**Exercise instructions**. Return the first line of the listing below and all the lines after it through the one containing "A Big Piece", exactly, without pictures.

[Extracted records Boundary: Start]

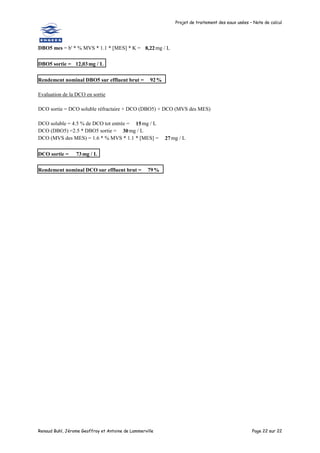 Projet de traitement des eaux usées – Note de calcul
Renaud Buhl, Jérome Geoffroy et Antoine de Lammerville Page 22 sur 22
DBO5 mes = b' * % MVS * 1.1 * [MES] * K = 8,22mg / L
DBO5 sortie = 12,03mg / L
Rendement nominal DBO5 sur effluent brut = 92%
Evaluation de la DCO en sortie
DCO sortie = DCO soluble réfractaire + DCO (DBO5) + DCO (MVS des MES)
DCO soluble = 4.5 % de DCO tot entrée = 15mg / L
DCO (DBO5) =2.5 * DBO5 sortie = 30mg / L
DCO (MVS des MES) = 1.6 * % MVS * 1.1 * [MES] = 27mg / L
DCO sortie = 73mg / L
Rendement nominal DCO sur effluent brut = 79%
 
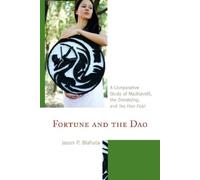 Jason P. Blahuta Fortune and the Dao (Copertina rigida)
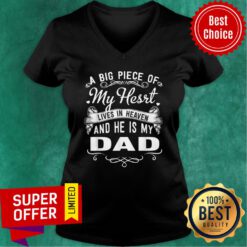 A Big Piece Of My Hesrt Lives In Hevean And He Is My Dad V-neck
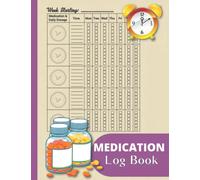 Medication Log Book: Beautiful Medicine Tracker for Seniors, Adults And Kids, Simple Pill Log To Keep Track Of Your Daily Medications | Care Log Books ... Monday to Sunday Medication Record Book.
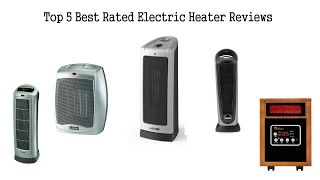 Top 5 Best Electric Heaters You Must Have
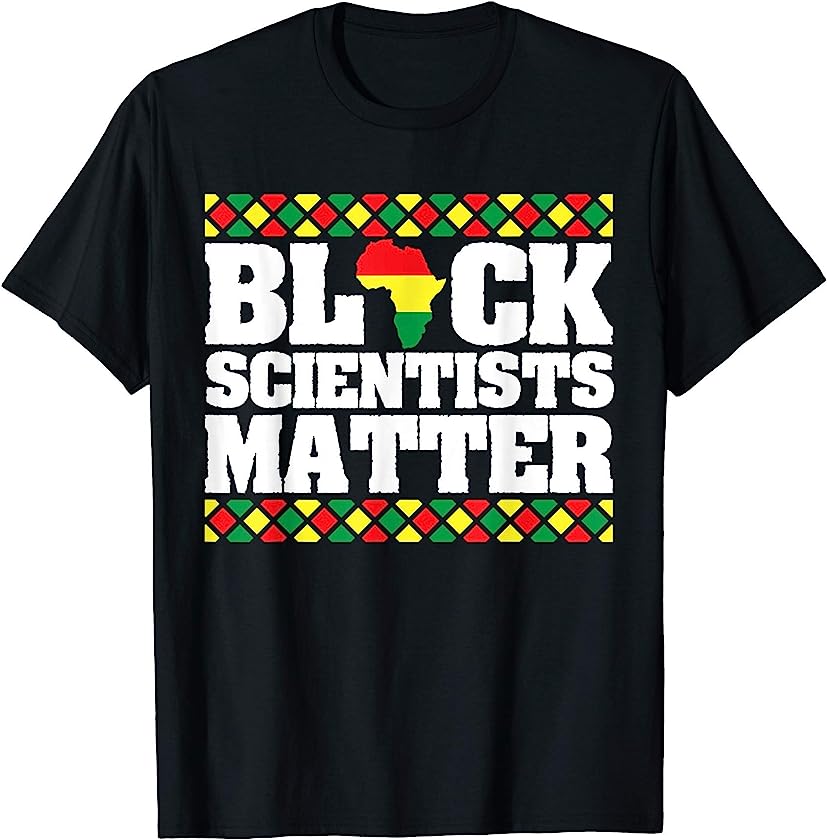 Pride Black Scientists Matter Black History African America T-Shirt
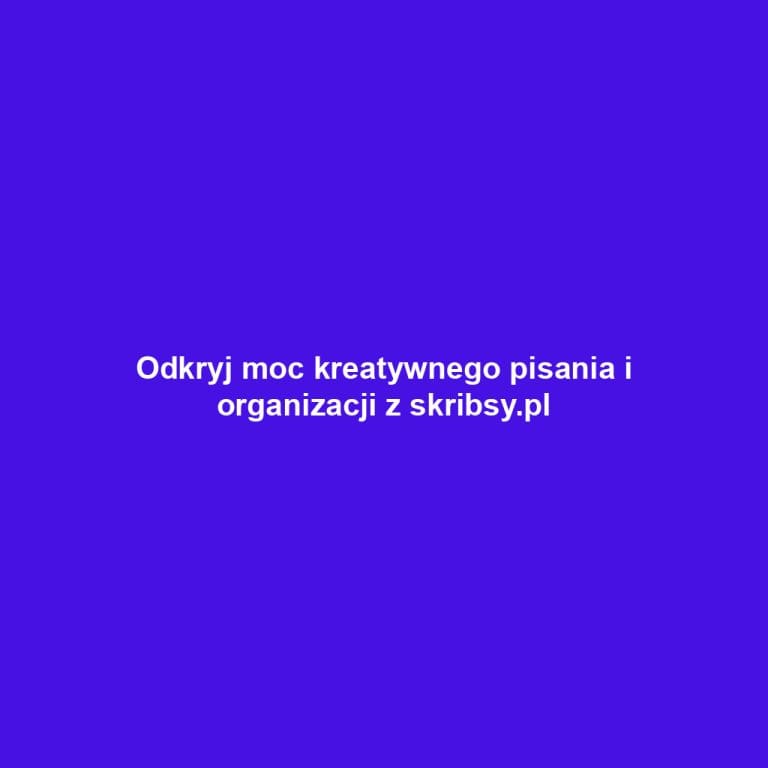 Odkryj moc kreatywnego pisania i organizacji z skribsy.pl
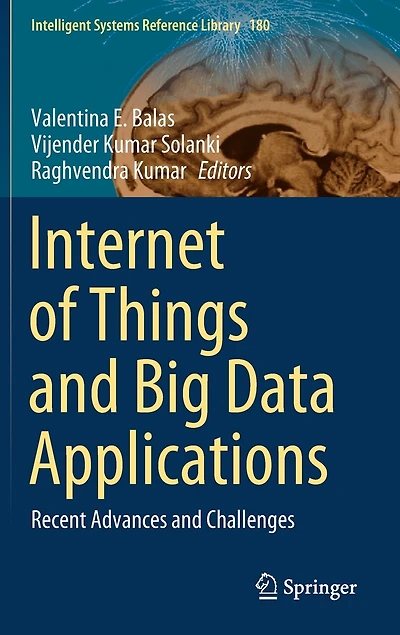 Internet of Things and Big Data Applications: Recent Advances Challenges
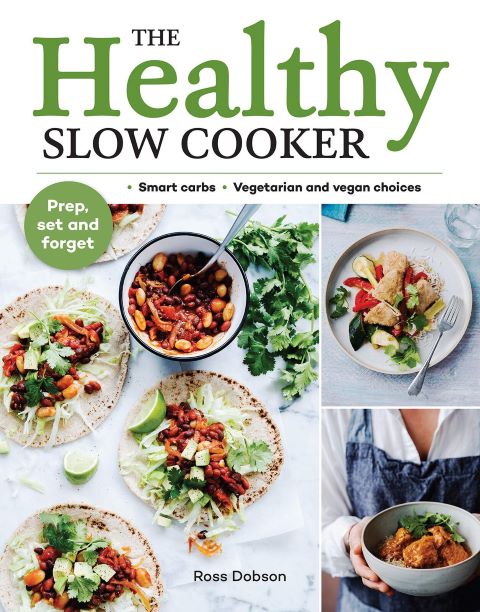 The Healthy Slow Cooker: Loads of Veg; Smart Carbs; Vegetarian and Vegan Choices; Prep, Set and Forget
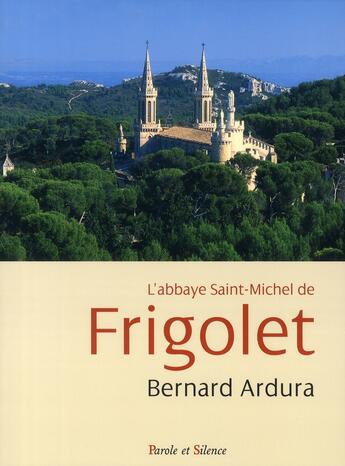 Couverture du livre « Abbaye de Saint Michel de Frigolet (1858-2008) » de Ardura B aux éditions Parole Et Silence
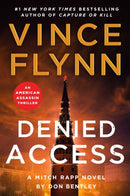 Denied Access : The New York Times bestselling Mitch Rapp series is back - don't miss this high-octane follow-up to the riveting AMERICAN ASSASSIN Volume 24-9781398533066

[Extracted records Boundary: End]

**Answer for the task**.
 Projet de traitement des eaux usées – Note de calcul
Renaud Buhl, Jérome Geoffroy et Antoine de Lammerville Page 22 sur 22
DBO5 mes = b' * % MVS * 1.1 * [MES] * K = 8,22mg / L
DBO5 sortie = 12,03mg / L
Rendement nominal DBO5 sur effluent brut = 92%
Evaluation de la DCO en sortie
DCO sortie = DCO soluble réfractaire + DCO (DBO5) + DCO (MVS des MES)
DCO soluble = 4.5 % de DCO tot entrée = 15mg / L
DCO (DBO5) =2.5 * DBO5 sortie = 30mg / L
DCO (MVS des MES) = 1.6 * % MVS * 1.1 * [MES] = 27mg / L
DCO sortie = 73mg / L
Rendement nominal DCO sur effluent brut = 79%
 
 Jason P. Blahuta Fortune and the Dao (Copertina rigida)
 A Big Piece Of My Hesrt Lives In Hevean And He Is My Dad V-neck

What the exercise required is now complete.